→ **TASK DIRECTIONS**
Transcribe, word for word, all of the entries below, and exclude any pictures from the copy.

Stored data:
——————————

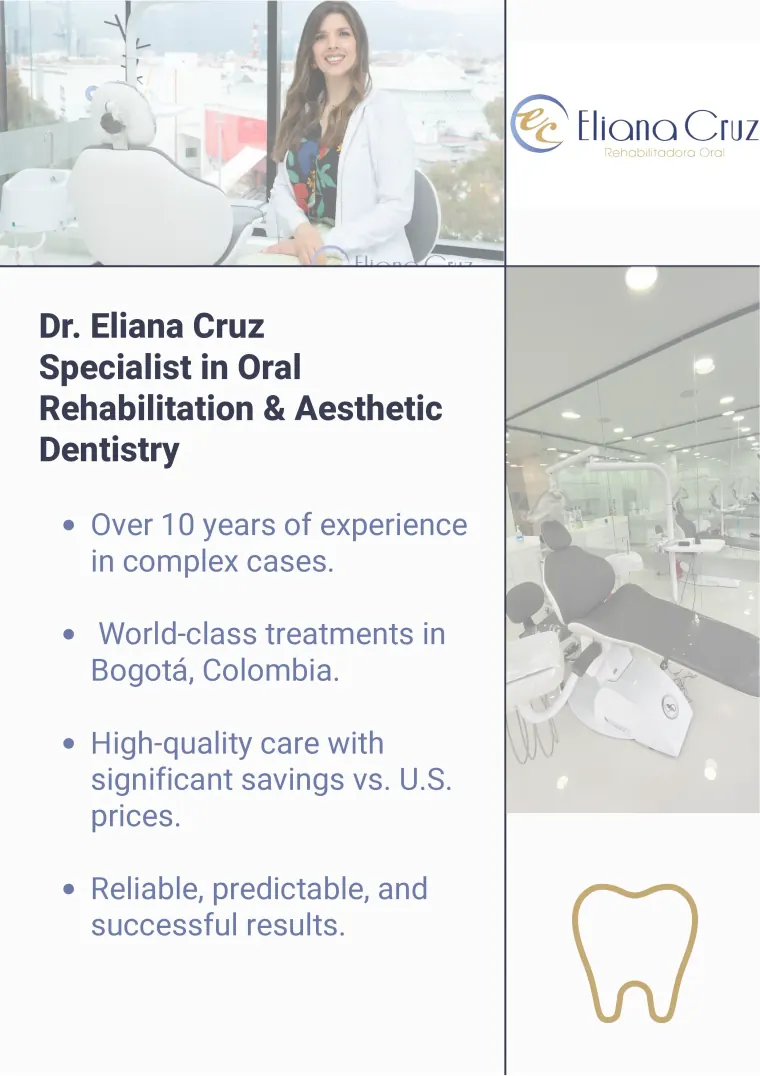 Dr. Eliana Cruz
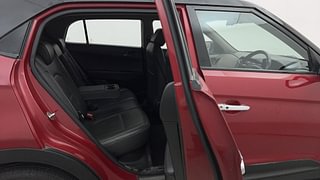 Used 2015 Hyundai Creta [2015-2018] 1.6 SX Plus Diesel Manual interior RIGHT SIDE REAR DOOR CABIN VIEW
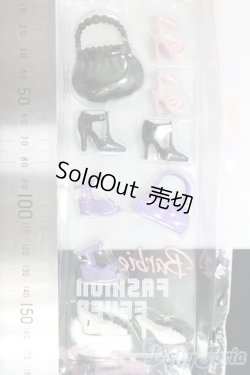 画像2: バービー/OF:靴/ファッションドール　衣装 I-26-01-25-123-KD-ZI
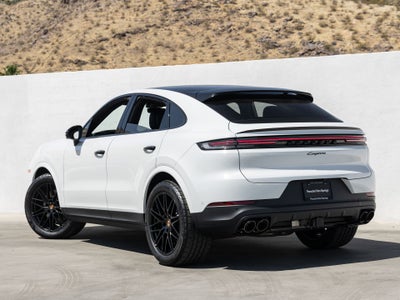 2026 Porsche Cayenne Coupe Base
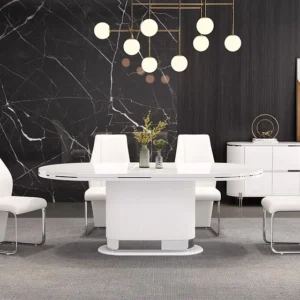 Modern Chic Dining Set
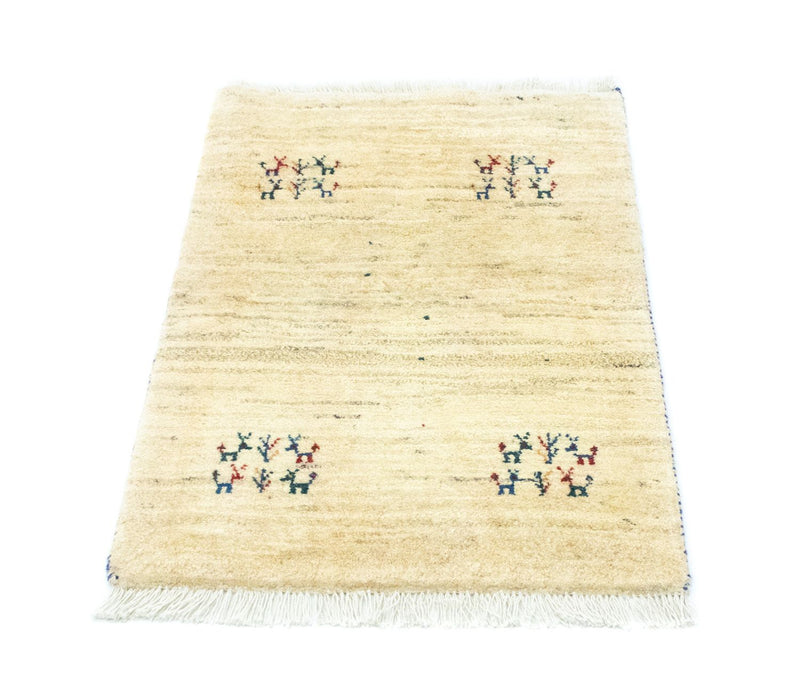 Gabbeh persa Tapete 64x94cm - Perserteppich Wollteppich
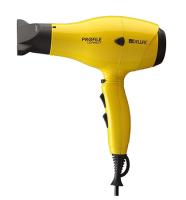 03-119 Yellow DEWAL Yellow Фен Profile Compact желтый2000Вт+иониз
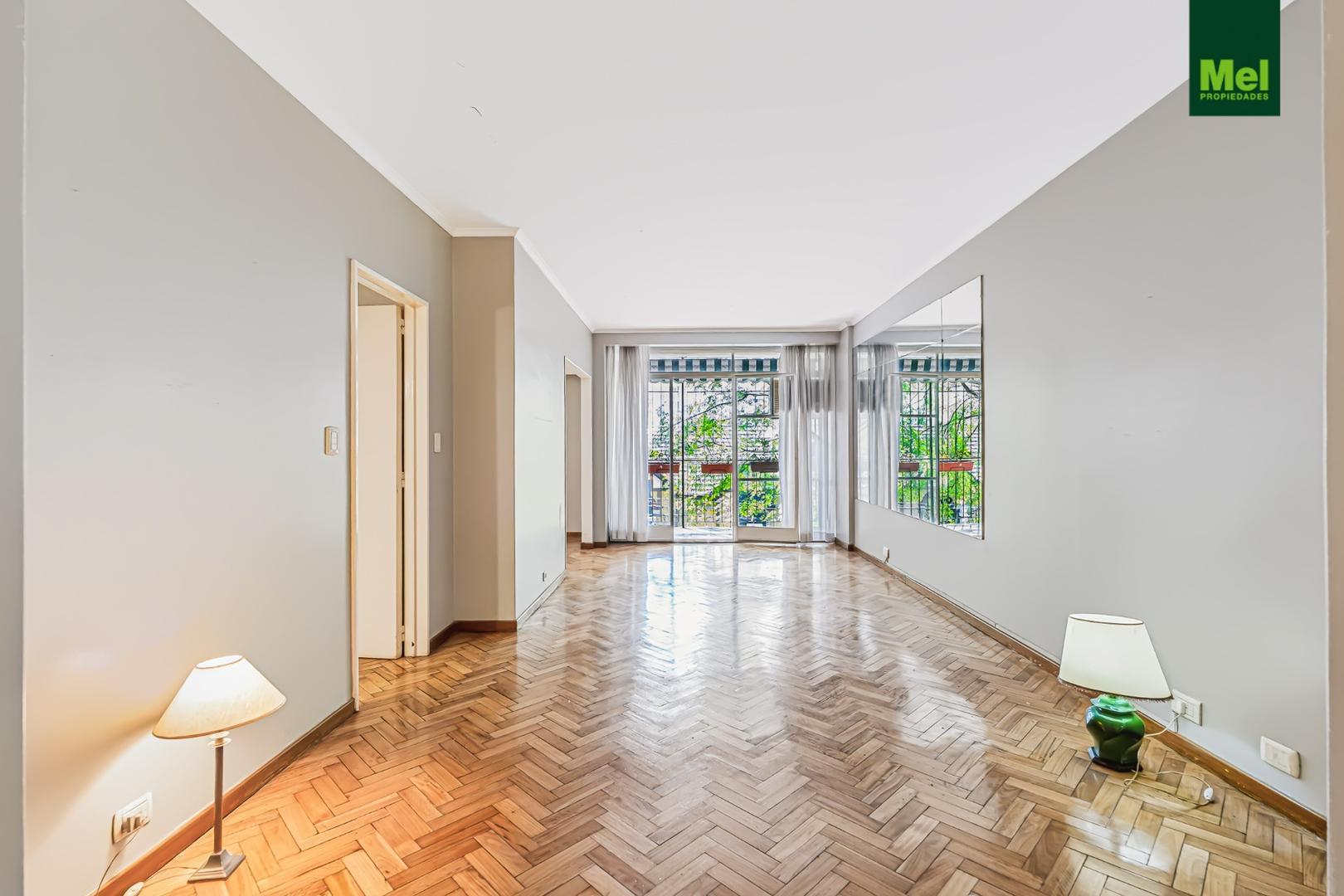 Departamento en Venta en Belgrano, USD 295.000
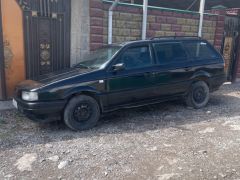 Сүрөт унаа Volkswagen Passat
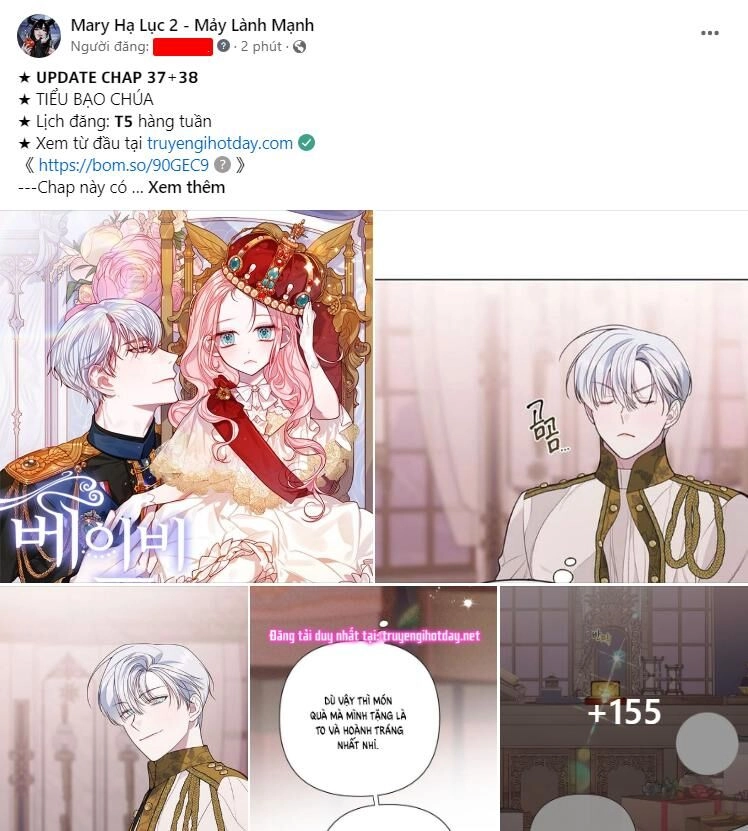 Chị Gái À, Kiếp Này Em Chính Là Nữ Hoàng Chapter 69.2 - 3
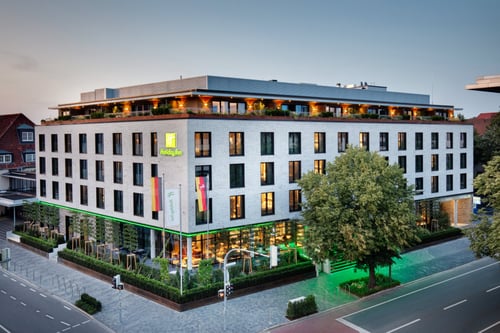 Hotel Exterior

——————————

→ **EXERCISE ANSWER**
 Dr. Eliana Cruz
 Used 2015 Hyundai Creta [2015-2018] 1.6 SX Plus Diesel Manual interior RIGHT SIDE REAR DOOR CABIN VIEW
 画像2: バービー/OF:靴/ファッションドール　衣装 I-26-01-25-123-KD-ZI
 2026 Porsche Cayenne Coupe Base
 Modern Chic Dining Set
 Gabbeh persa Tapete 64x94cm - Perserteppich Wollteppich
 03-119 Yellow DEWAL Yellow Фен Profile Compact желтый2000Вт+иониз
 Departamento en Venta en Belgrano, USD 295.000
 Сүрөт унаа Volkswagen Passat
 Chị Gái À, Kiếp Này Em Chính Là Nữ Hoàng Chapter 69.2 - 3
 Hotel Exterior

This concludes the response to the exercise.